Your objective
What are the lines, copied exactly, from the one containing "Luxury 11Th Floor" through the final line of the material? Leave the pictures out.

Records for this task
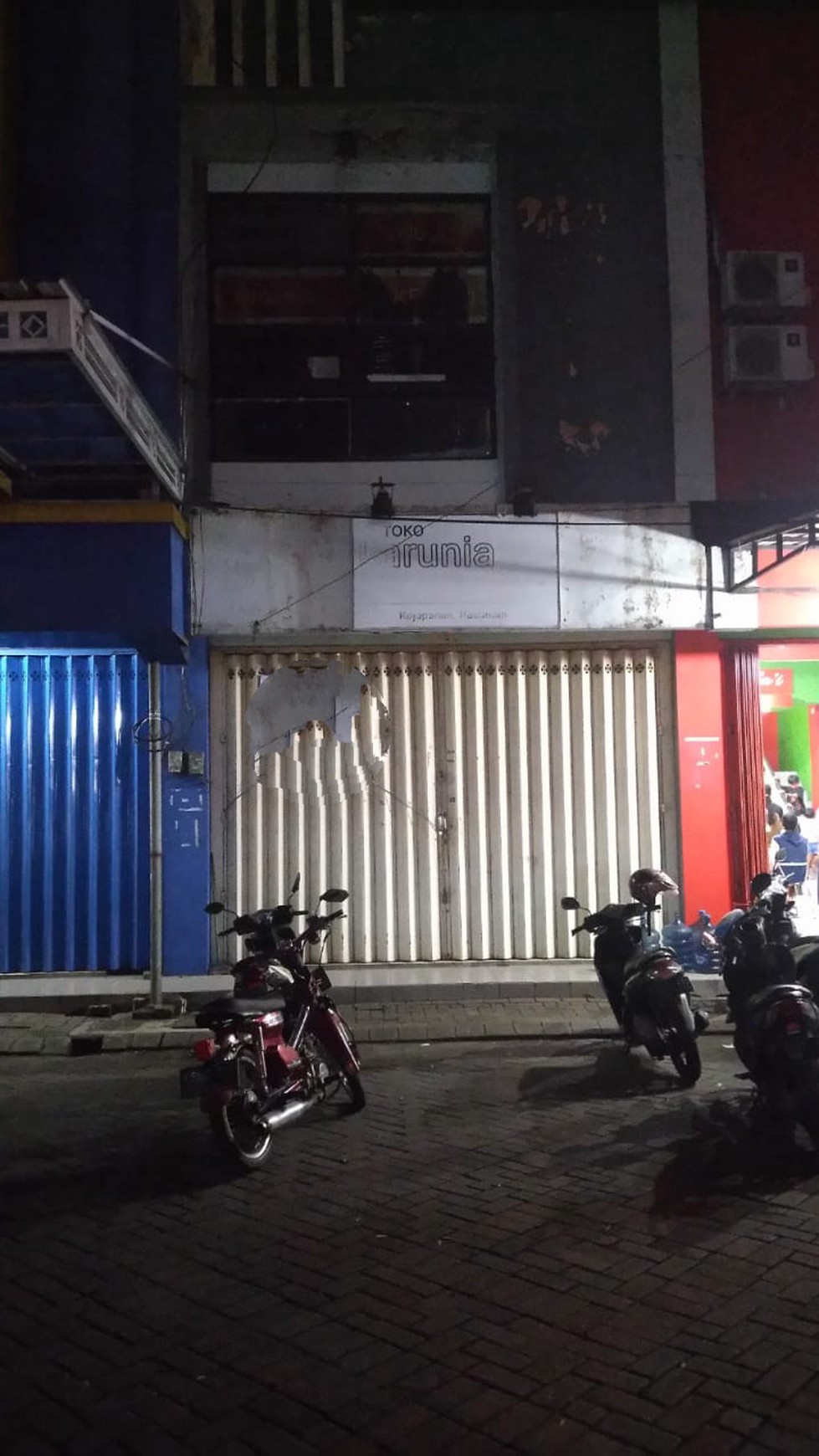 1565. Dijual Ruko Kejapanan Trade Center nol jln barisan depan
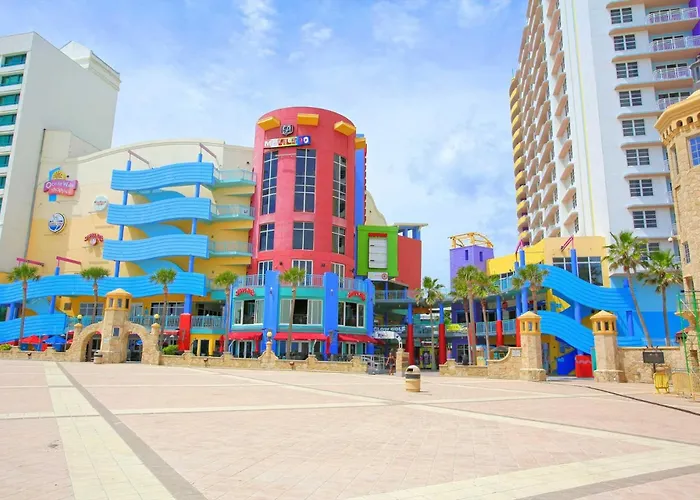 Luxury 11Th Floor 1 Bedroom Condo Direct Oceanfront Wyndham Ocean Walk Resort Daytona Beach | 1107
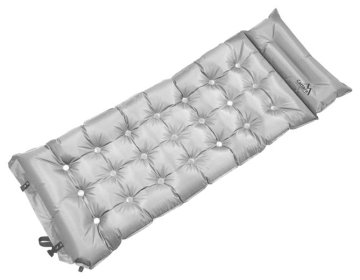 Cattara Samonapihljiva avtomobilska vzmetnica MIDNIGHT 180x66x4cm z blazino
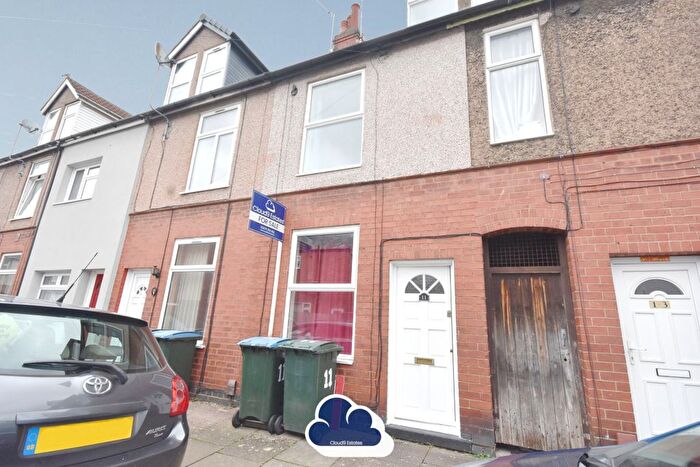 3 Bedroom Terraced House For Sale In Enfield Road, Coventry, CV2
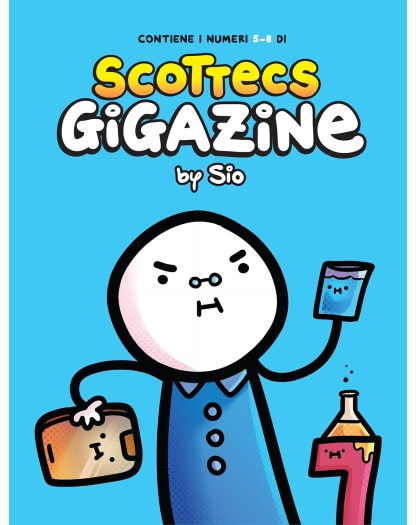 Scottecs Gigazine Cofanetto 2 (Vol. 5-8) – Gigaciao – Italiano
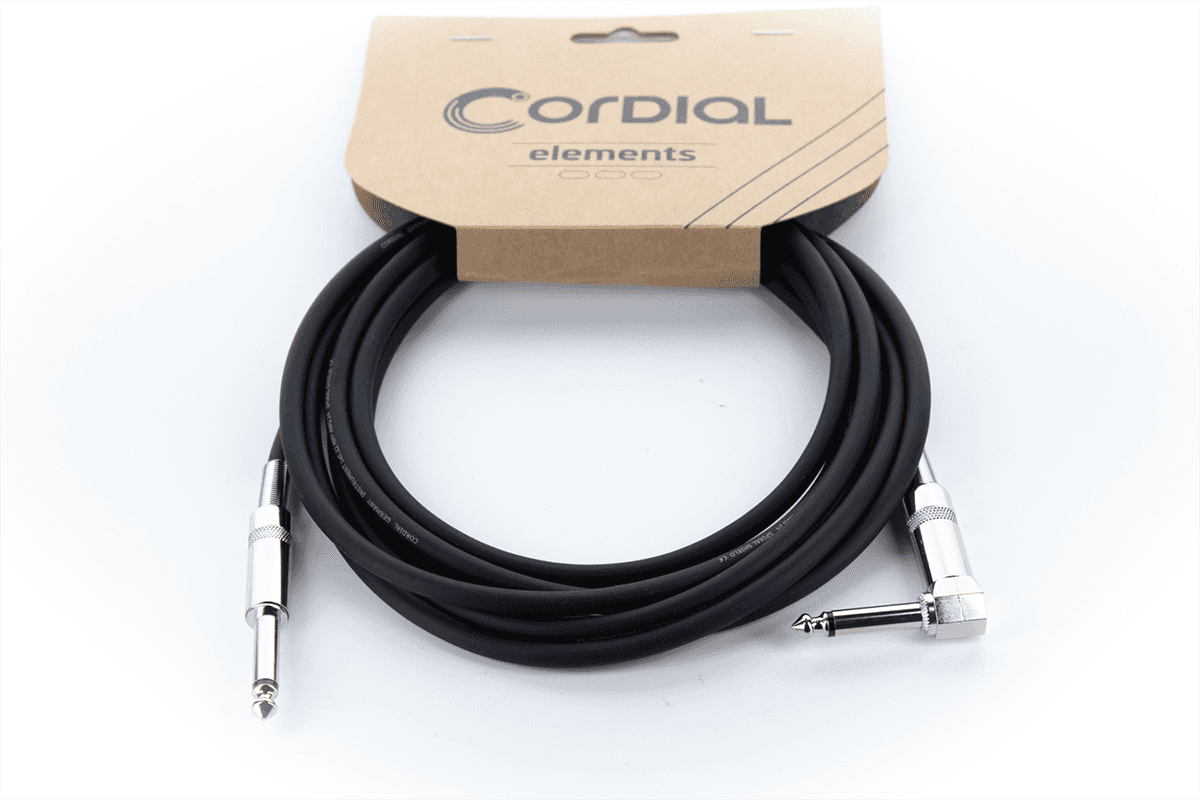 Cable Guitare Jack 3 M Droit /Coudé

Exercise answer
 Luxury 11Th Floor 1 Bedroom Condo Direct Oceanfront Wyndham Ocean Walk Resort Daytona Beach | 1107
 Cattara Samonapihljiva avtomobilska vzmetnica MIDNIGHT 180x66x4cm z blazino
 3 Bedroom Terraced House For Sale In Enfield Road, Coventry, CV2
 Scottecs Gigazine Cofanetto 2 (Vol. 5-8) – Gigaciao – Italiano
 Cable Guitare Jack 3 M Droit /Coudé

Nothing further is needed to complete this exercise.